Eine wesentliche, oft auch sichtbare Gefährdung ist das Freisetzen von Gefahrstoffen. Dazu zählen je nach Verfahren Schweißrauche, Lötrauche, Metalle und deren Verbindungen sowie gasförmige Stoffe. Im Rahmen der Gefährdungsbeurteilung muss ermittelt werden,

  • welche Stoffe bei den schweißtechnischen Tätigkeiten jeweils auftreten,
  • welche stoff- und verfahrensspezifischen Besonderheiten zu berücksichtigen sind und
  • wie Schutzmaßnahmen dem Grad der Gefährdung entsprechend ausgewählt und umgesetzt werden müssen.

Bei der Ermittlung und Bewertung der teilweise komplexen Zusammenhänge unterstützt die aktualisierte Technische Regel für Gefahrstoffe (TRGS) 528 „Schweißtechnische Arbeiten“. Deren Überarbeitung war u. a. deshalb notwendig, weil die letzte Ausgabe der Regel aus dem Jahr 2009 datierte und sie nicht mehr den aktuellen Anforderungen der Gefahrstoffverordnung entsprach.
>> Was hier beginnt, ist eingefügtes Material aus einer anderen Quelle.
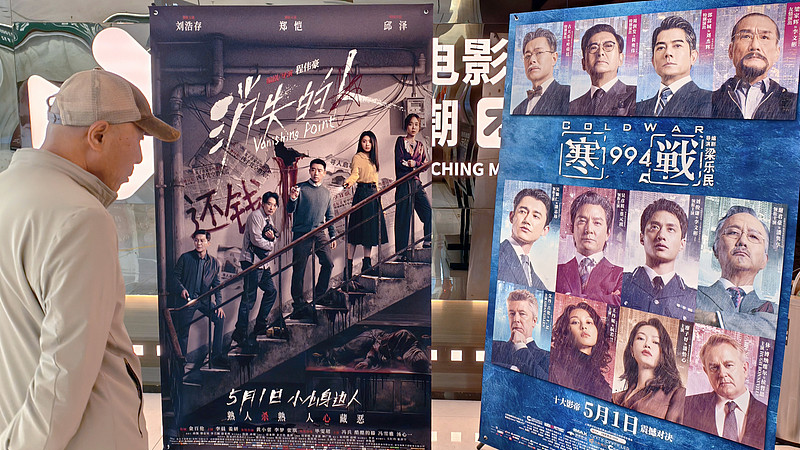 A movie-goer looks at posters at a Shanghai movie theater, China, May 1, 2026. /VCG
Bei der Aktualisierung waren insbesondere das risikobezogene Maßnahmenkonzept für krebserzeugende Stoffe sowie die inzwischen veröffentlichten neuen, deutlich abgesenkten Grenzwerte zu berücksichtigen. Im Vordergrund stehen hier die Grenzwerte für

  • krebserzeugende Metalle und Verbindungen
  • Mangan und seine Verbindungen und
  • der neue Arbeitsplatzgrenzwert (AGW) für die A-Staubfraktion.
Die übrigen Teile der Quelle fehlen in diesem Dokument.